Return the lines of the data below starting at the one holding "Persoon in een" and ending at the one holding "A modern house", word for word, leaving every picture out.

● Given records:
============

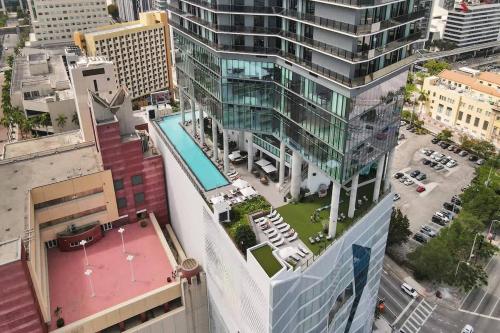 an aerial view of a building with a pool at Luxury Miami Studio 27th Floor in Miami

============

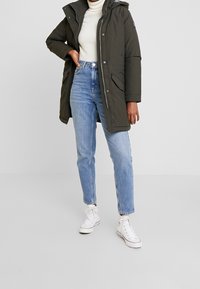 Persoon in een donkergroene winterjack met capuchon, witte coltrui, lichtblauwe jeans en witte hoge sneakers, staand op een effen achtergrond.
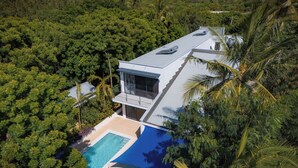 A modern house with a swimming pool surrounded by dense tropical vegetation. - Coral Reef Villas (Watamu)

============

● Exercise solution:
 Persoon in een donkergroene winterjack met capuchon, witte coltrui, lichtblauwe jeans en witte hoge sneakers, staand op een effen achtergrond.
 A modern house with a swimming pool surrounded by dense tropical vegetation. - Coral Reef Villas (Watamu)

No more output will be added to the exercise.